Click Here To Read Part I
Click Here To Read Part II



Our Martin Changed Air Cargo

     If you want to learn about August Martin, the great air cargo pilot who flew for Seaboard World Airlines during the 1950’s, and was also the first black man to captain a U.S. flag air cargo airplane, you better plan on either using your old Funk & Wagnall’s Encyclopedia, or visiting the wonderful high school located near JFK International Airport in Queens New York City named in honor of the air pioneer.
     The name August Martin as an internet search, most often comes up as “August” 28, 1963, when “Martin” Luther King delivered his never to be forgotten “I Have A Dream,” speech at the Lincoln Memorial in Washington, D.C.
     This August Martin, a gentle man would go down in history as the first African American to serve as Captain on a U.S. scheduled airline.
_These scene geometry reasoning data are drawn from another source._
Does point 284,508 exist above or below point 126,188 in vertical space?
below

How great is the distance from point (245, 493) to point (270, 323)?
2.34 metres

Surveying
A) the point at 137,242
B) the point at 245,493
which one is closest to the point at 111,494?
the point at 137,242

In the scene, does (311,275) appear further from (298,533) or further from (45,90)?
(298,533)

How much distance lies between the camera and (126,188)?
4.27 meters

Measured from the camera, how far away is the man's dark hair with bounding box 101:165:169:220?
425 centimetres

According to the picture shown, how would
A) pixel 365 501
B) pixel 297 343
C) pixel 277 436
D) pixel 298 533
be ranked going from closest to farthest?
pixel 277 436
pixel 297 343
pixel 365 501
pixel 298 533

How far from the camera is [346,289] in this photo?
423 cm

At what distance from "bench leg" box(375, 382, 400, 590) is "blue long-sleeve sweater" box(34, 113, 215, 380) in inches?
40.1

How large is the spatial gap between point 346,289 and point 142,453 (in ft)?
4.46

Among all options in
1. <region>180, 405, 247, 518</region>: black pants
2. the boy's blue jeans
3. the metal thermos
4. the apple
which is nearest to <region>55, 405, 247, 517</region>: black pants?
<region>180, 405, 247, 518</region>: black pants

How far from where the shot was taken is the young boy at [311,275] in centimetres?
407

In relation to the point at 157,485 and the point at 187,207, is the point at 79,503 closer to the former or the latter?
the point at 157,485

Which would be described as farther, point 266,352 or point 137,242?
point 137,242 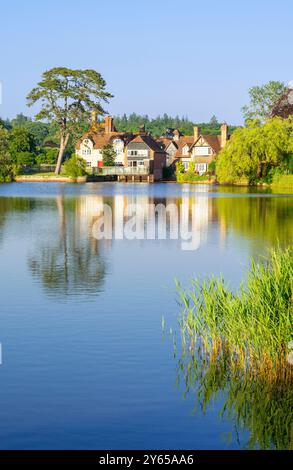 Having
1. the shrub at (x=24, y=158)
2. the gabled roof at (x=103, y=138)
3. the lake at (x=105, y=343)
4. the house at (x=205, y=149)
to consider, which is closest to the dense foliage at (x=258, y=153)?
the shrub at (x=24, y=158)

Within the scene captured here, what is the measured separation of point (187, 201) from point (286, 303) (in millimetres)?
43597

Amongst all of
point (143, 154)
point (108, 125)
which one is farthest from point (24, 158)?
point (108, 125)

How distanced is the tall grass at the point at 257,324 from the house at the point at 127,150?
348ft

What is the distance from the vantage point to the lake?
9.74 meters

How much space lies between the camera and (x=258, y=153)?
240ft

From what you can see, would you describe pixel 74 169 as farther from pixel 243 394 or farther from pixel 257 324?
pixel 243 394

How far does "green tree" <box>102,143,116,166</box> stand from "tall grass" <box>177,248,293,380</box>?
108 metres

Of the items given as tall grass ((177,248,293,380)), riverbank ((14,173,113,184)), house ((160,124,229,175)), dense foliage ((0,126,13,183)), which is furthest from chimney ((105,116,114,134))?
tall grass ((177,248,293,380))

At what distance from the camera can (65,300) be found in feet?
58.2

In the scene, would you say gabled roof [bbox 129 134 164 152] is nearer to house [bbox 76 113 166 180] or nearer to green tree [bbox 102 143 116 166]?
house [bbox 76 113 166 180]

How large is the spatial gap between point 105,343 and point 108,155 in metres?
107

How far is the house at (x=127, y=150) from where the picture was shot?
12100cm

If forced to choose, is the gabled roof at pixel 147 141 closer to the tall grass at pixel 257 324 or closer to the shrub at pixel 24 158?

     Put another way, before “Augie” as his friends called him, there had never been a black airline captain on the bridge of any U.S. flag airline.
     Although he flew for other carriers, including El Al Israel Airlines and a company called Buffalo Skylines between 1946 and 1955, it was Seaboard World Airlines, an air cargo company, which hired Augie and broke through a glass ceiling in American culture.
     Air cargo put a great aviation pioneer, who happened to be black, in the left seat.
     August Martin, who was born in 1916 had aviation blood in his veins.
     He worked all his life to be a pilot, training as a youngster to fly small prop jobs and later during World War II as a front line Mitchell B26 bomber pilot.
     He also took training at the Tuskegee, Alabama base, which spawned the legendary black pilots who gained fame as The Tuskegee Air Men.
     While awaiting his big break with a scheduled U.S. flag carrier, Augie worked as a stevedore on the New York docks to make ends meet.
     But when SWA came a knocking, August Martin was ready.
     For the next thirteen years Martin piloted the legendary all-cargo aircraft of SWA, including the Lockheed Constellation, Canadair CL44 swing-tail freighter, Douglas DC-4 and DC-6 among others.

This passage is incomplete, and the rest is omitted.